** INFORMATION follows **

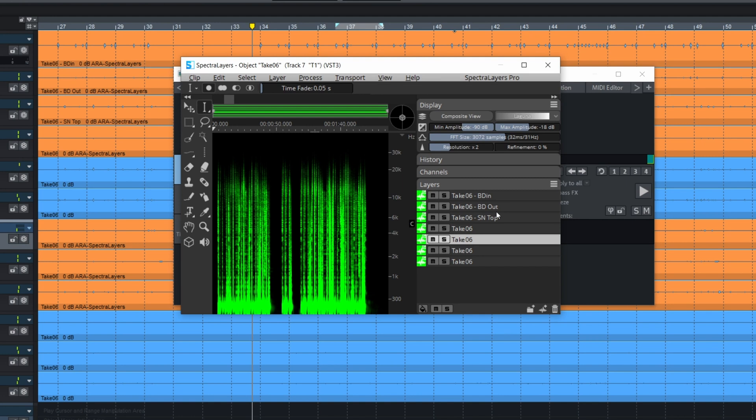I searched in the help file and online and I can't find a way to have the object name be the same as the track name when we record. So it's always only the take name.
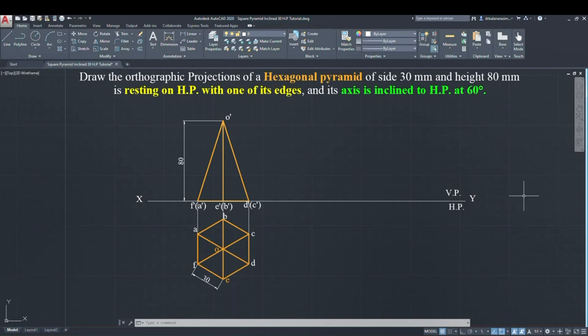Since it is a pyramid, you have to project only the center line point from XY to the apex point. If it is a cylinder or prism you need to project all the points from XY, but here you only project the axis and apex point with 80 mm. This completes the first stage diagram.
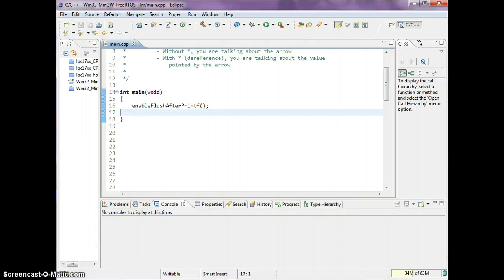Hello, this is Preet and I'm going to talk about arrays and how to pass arrays to functions using pointers. You need to know how to use pointers — there were two previous videos that discuss how to use pointers.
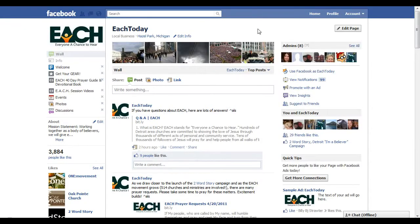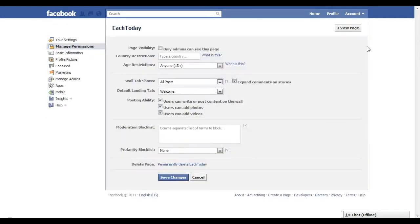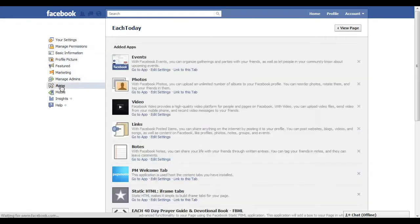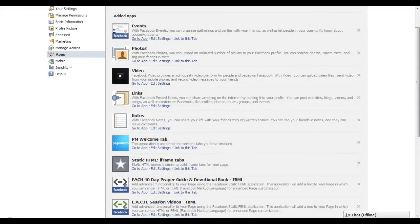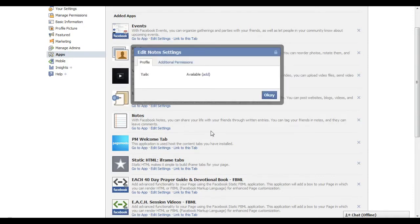A quick tutorial to show you how to add a new tab to your Facebook page. Go to edit page on the left-hand side, scroll down to apps. You have a list of different apps that are available — events, photos, links. If you want to add a note, simply click on edit.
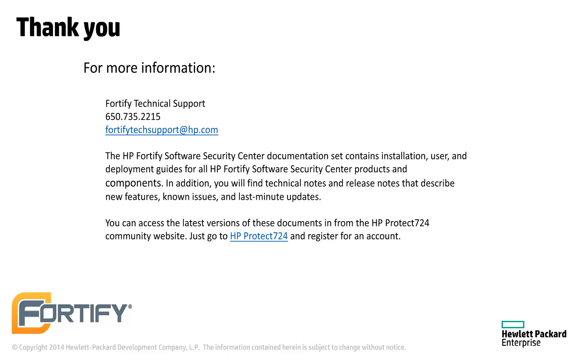You can find the documentation for all Fortify products at protect724.hp.com. If you have any questions, technical support can be reached at fortifytechsupport.hp.com. Thank you.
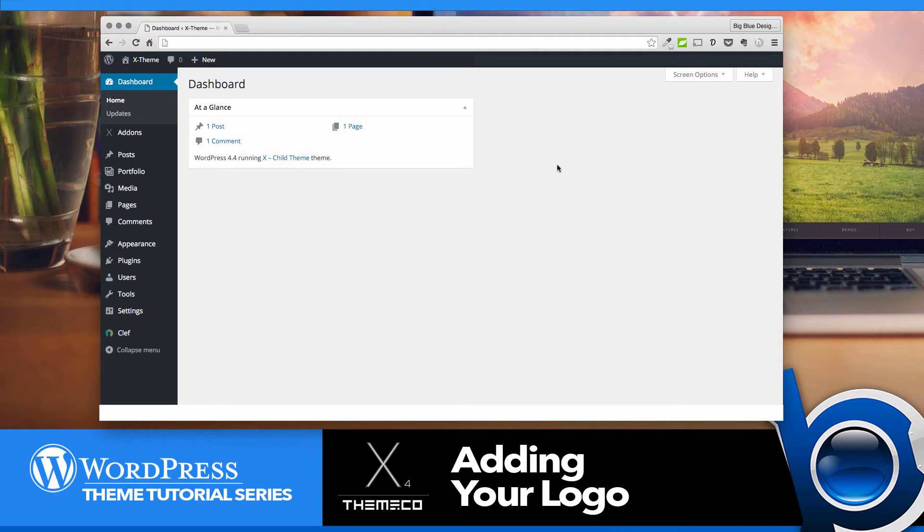Welcome back everybody. Mark from Big Blue Designs here today to show you how easy it is to add your logo to the X theme.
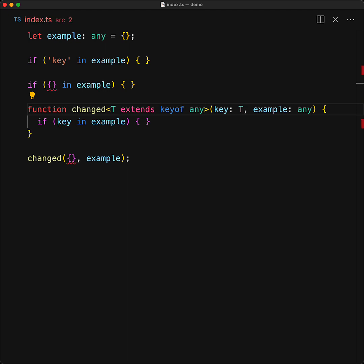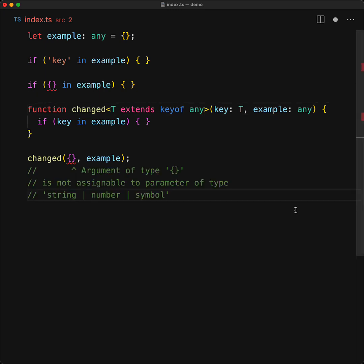And with this constraint in place, we get an error when we try to invoke the function that an object does not meet the constraints of being a key, which can only be a string, number, or symbol.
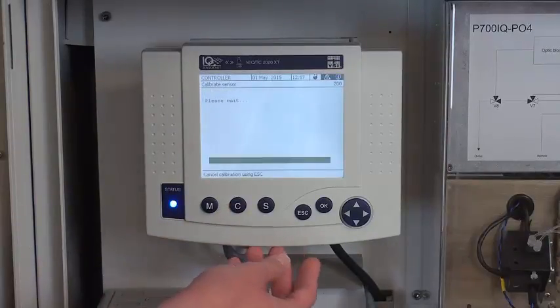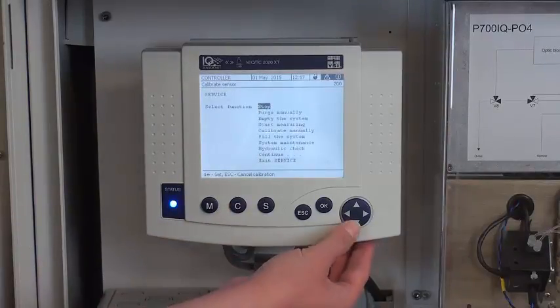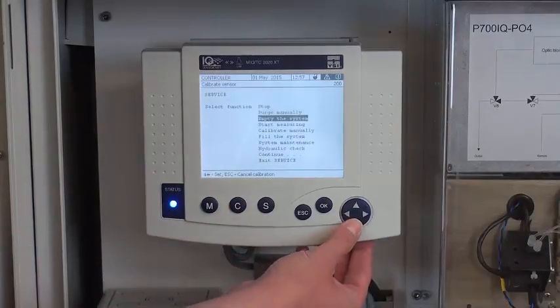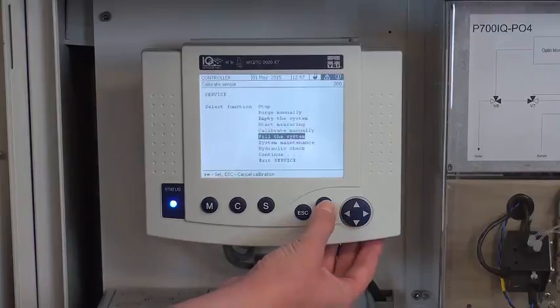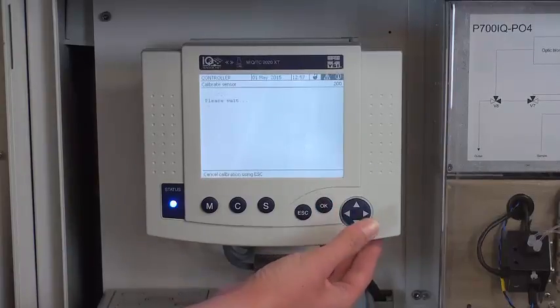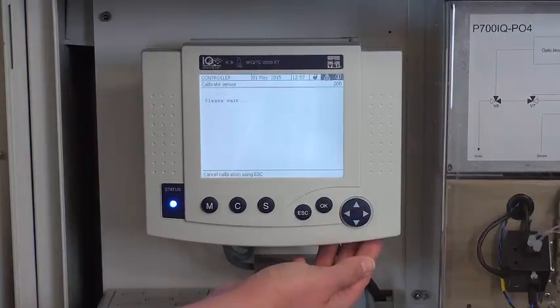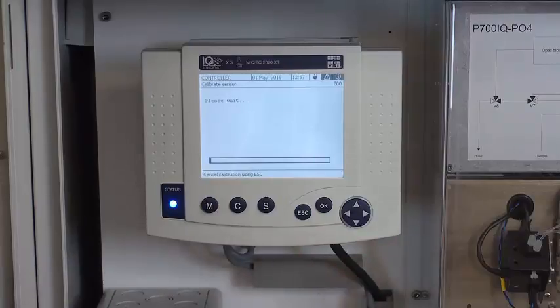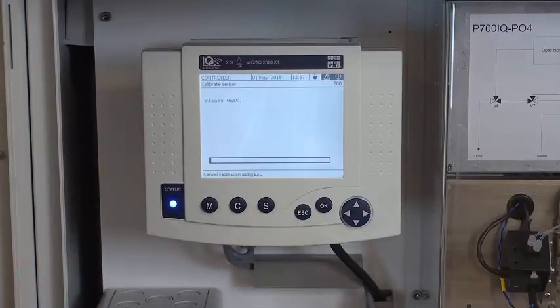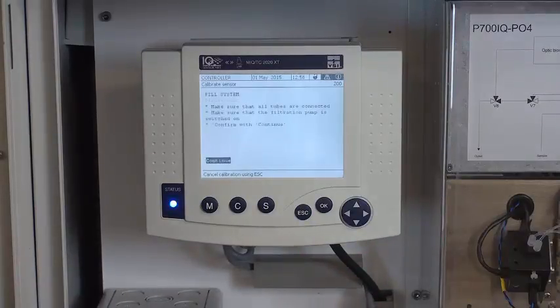So I press C and go down to fill the system. This may take a few minutes.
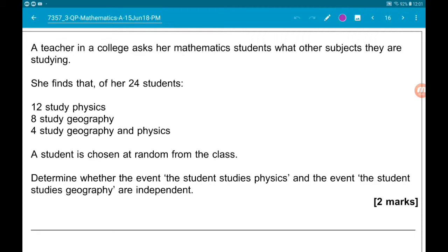Question 14 - we have a probability problem. A teacher in a college asks her mathematics students what other subjects they are studying. She finds that of 24 students, 12 study physics, 8 study geography, and 4 study both geography and physics. A student is chosen at random from the class. Part A asks us to determine whether the event the student studies physics and the event the student studies geography are independent.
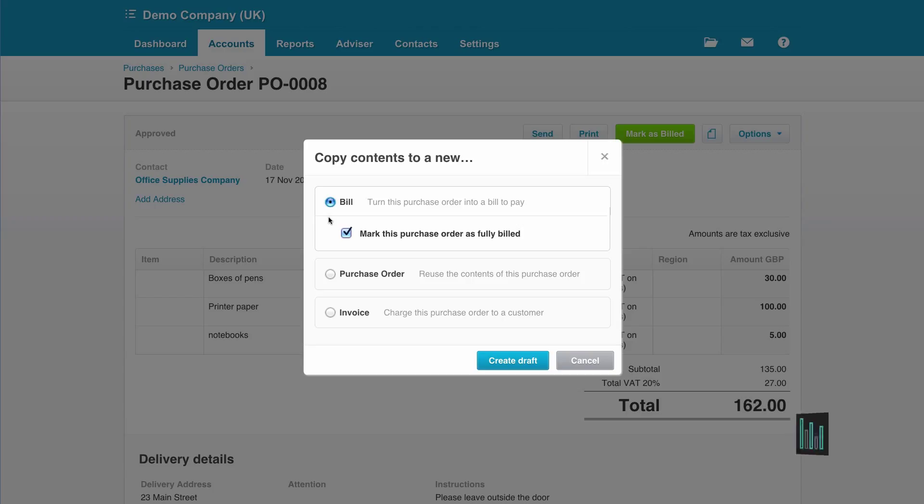Now I haven't actually received everything that was on my purchase order, so I'm going to untick 'mark this purchase order as fully billed' and I'm going to create a draft invoice.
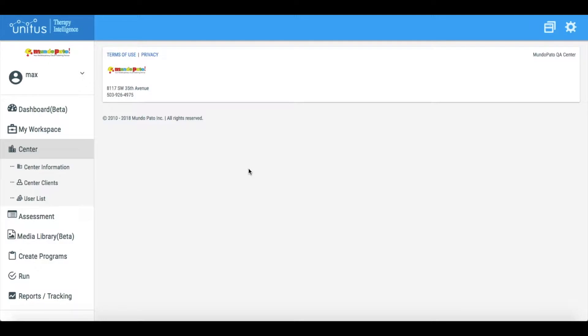If you find yourself needing to isolate groups of users and clients in your Unitus TI account, this can be accomplished by creating zones within your account.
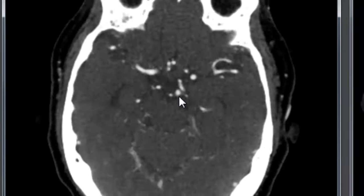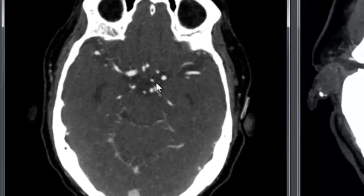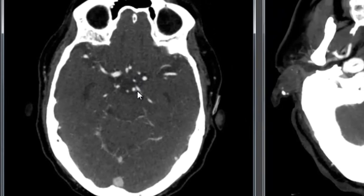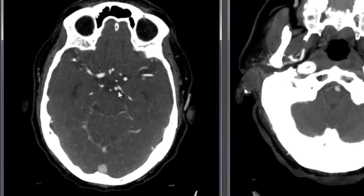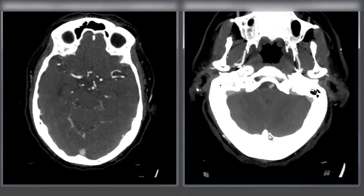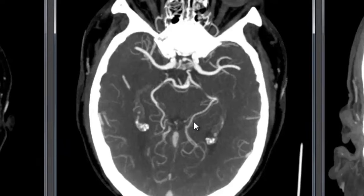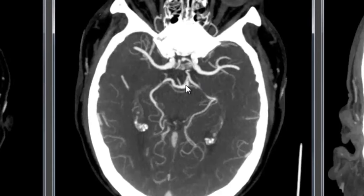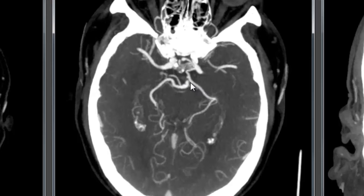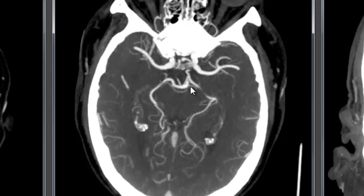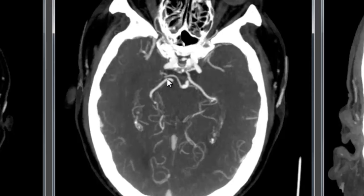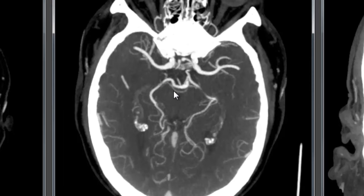Up at the top of the basilar we see some reconstitution by cross-filling from anterior to posterior by way of the posterior communicating artery, the PCoA. We can see this even better in our thick MIP reconstructions. At the circle of Willis level, we see opacification of the top of the basilar, and opacification of the posterior cerebral arteries on both sides. There's a largely fetal pattern PCA here with some connection at the top of the basilar and a smaller connection to the anterior circulation on the right side.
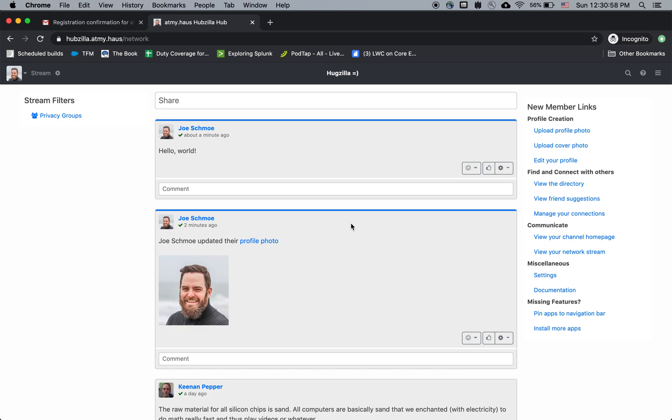And that's it. Now I have an account on this Hubzilla hub, and I'm all set up to make different kinds of posts and do more exciting things, which will be explained in other videos.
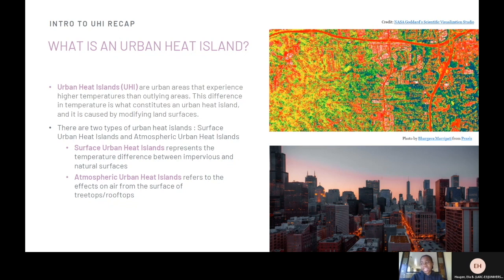There are two types of urban heat islands: surface urban heat islands and atmospheric urban heat islands. Surface urban heat islands represent the temperature difference between impervious and natural surfaces. Atmospheric urban heat islands refers to the effects on air from the surface of treetops and rooftops.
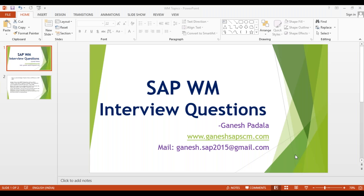Hi, good afternoon everyone. This is Ganesh Padala. As I have been working on WM for the last one to two years on continuous projects, I got the idea to make some WM interview questions which will be useful for my YouTube subscribers and anyone who visits my channel. Today I'm starting with one question per video, and I will try to show it in SAP and give some explanation about the business background.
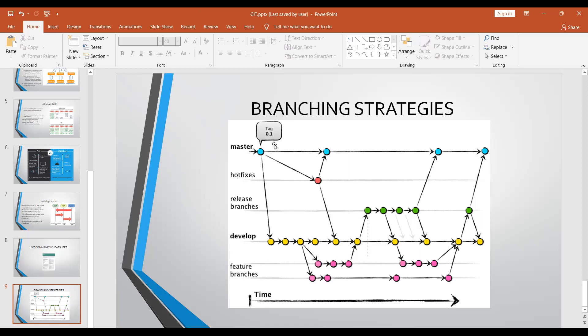Why do we have multiple branches? In a project with multiple developers, if everyone commits directly to master, in 20 days there'll be hundreds of commits in master in a very irregular pattern - commits about orders, then payments, then orders again. It becomes very difficult to track and even to test. That's why organizations follow branching strategies, where each developer works on their own feature branch and only merges after testing.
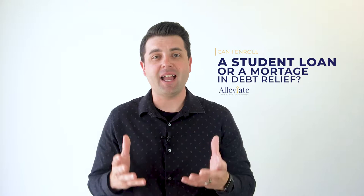Hi, I'm Ryan Amoradio, and today I'm going to answer the question, can I enroll student loans or a mortgage into a debt relief or debt settlement program?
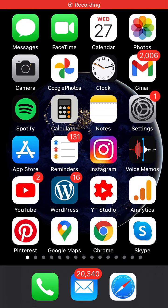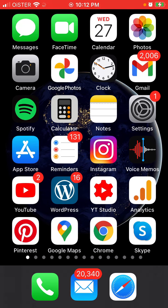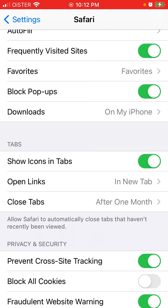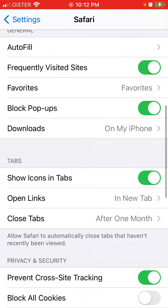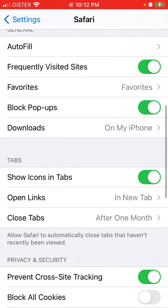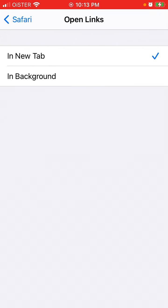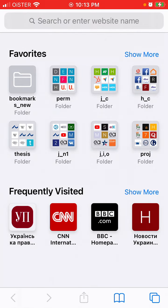You can change this setting in Settings > Safari > Tabs, then 'Show open links' in new tab or in background. Decide as you want. For example, I have this page — if I tap on it, it will open in a new tab.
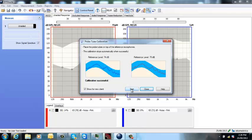So here we've got calibration successful. If it's not successful or if it's quite peaky, just check the probe tubes aren't blocked and that the FreeFit is nice and stable whilst you're performing this measure.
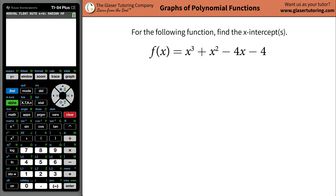Good morning, good afternoon, and good evening to wherever you are in the world. My name is Andrew Glazer, and today I would like to teach you how to find the x-intercepts of a cubic function.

** End of INFORMATION **

AIM OF THE EXERCISE:
Each line above starting at the one holding "Now I haven't" and ending at the one holding "And that's it." should be set down exactly as it stands, both ends included, with no pictures.

FINAL ANSWER:
Now I haven't actually received everything that was on my purchase order, so I'm going to untick 'mark this purchase order as fully billed' and I'm going to create a draft invoice.
If you find yourself needing to isolate groups of users and clients in your Unitus TI account, this can be accomplished by creating zones within your account.
Up at the top of the basilar we see some reconstitution by cross-filling from anterior to posterior by way of the posterior communicating artery, the PCoA. We can see this even better in our thick MIP reconstructions. At the circle of Willis level, we see opacification of the top of the basilar, and opacification of the posterior cerebral arteries on both sides. There's a largely fetal pattern PCA here with some connection at the top of the basilar and a smaller connection to the anterior circulation on the right side.
And that's it. Now I have an account on this Hubzilla hub, and I'm all set up to make different kinds of posts and do more exciting things, which will be explained in other videos.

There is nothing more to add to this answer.